- [Data shown]:
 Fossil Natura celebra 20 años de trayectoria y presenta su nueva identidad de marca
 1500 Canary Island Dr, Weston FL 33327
...
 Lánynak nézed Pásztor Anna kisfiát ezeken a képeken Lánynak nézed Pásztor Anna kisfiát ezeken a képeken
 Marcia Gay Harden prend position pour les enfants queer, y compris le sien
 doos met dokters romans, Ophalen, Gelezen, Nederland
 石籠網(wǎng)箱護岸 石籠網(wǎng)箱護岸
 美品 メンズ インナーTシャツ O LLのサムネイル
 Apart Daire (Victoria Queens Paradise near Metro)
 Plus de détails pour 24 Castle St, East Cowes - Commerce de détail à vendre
* * *
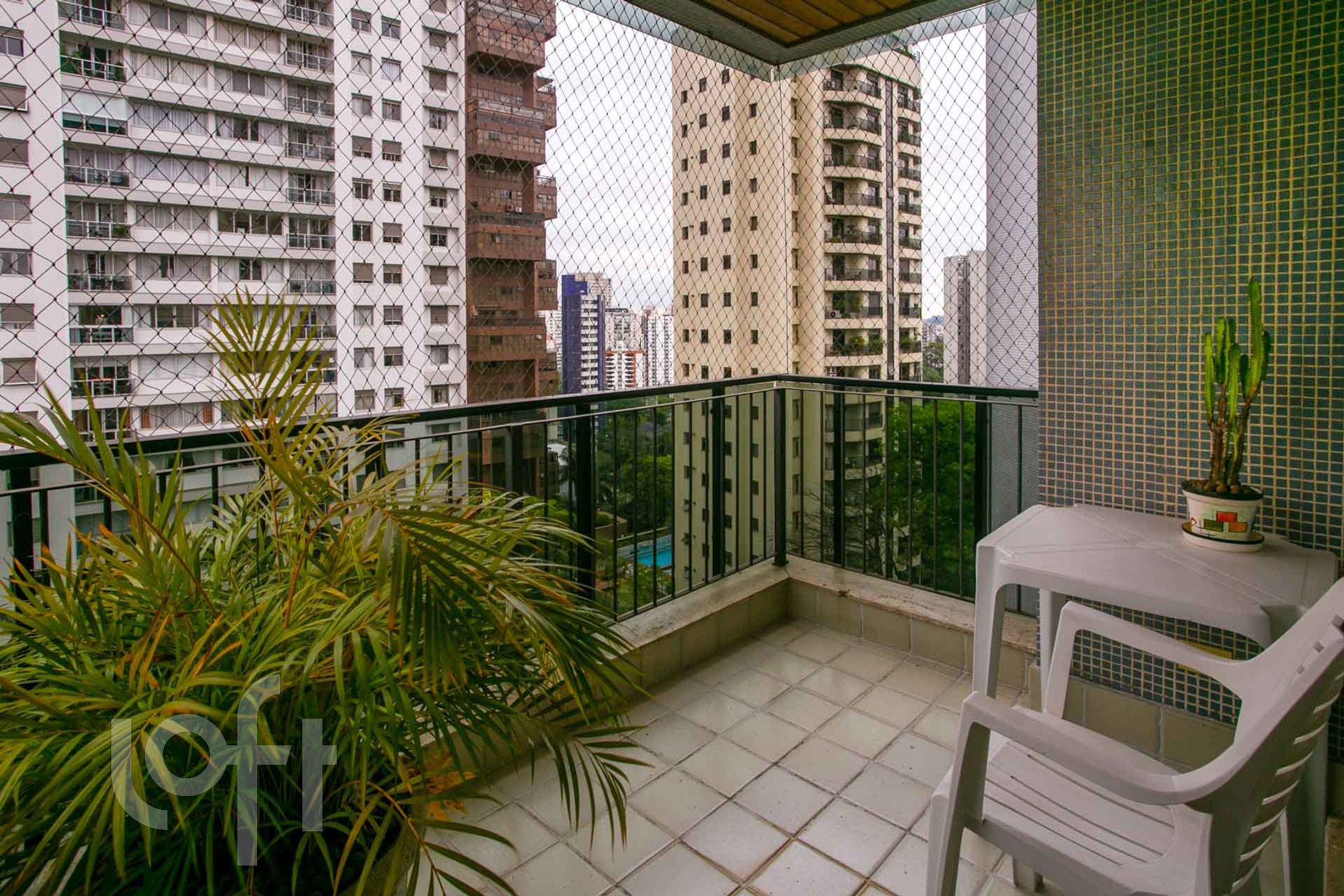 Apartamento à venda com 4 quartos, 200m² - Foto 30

- [Your objective]:
Copy each line above containing the string "pour".

- [Result below]:
 Marcia Gay Harden prend position pour les enfants queer, y compris le sien
 Plus de détails pour 24 Castle St, East Cowes - Commerce de détail à vendre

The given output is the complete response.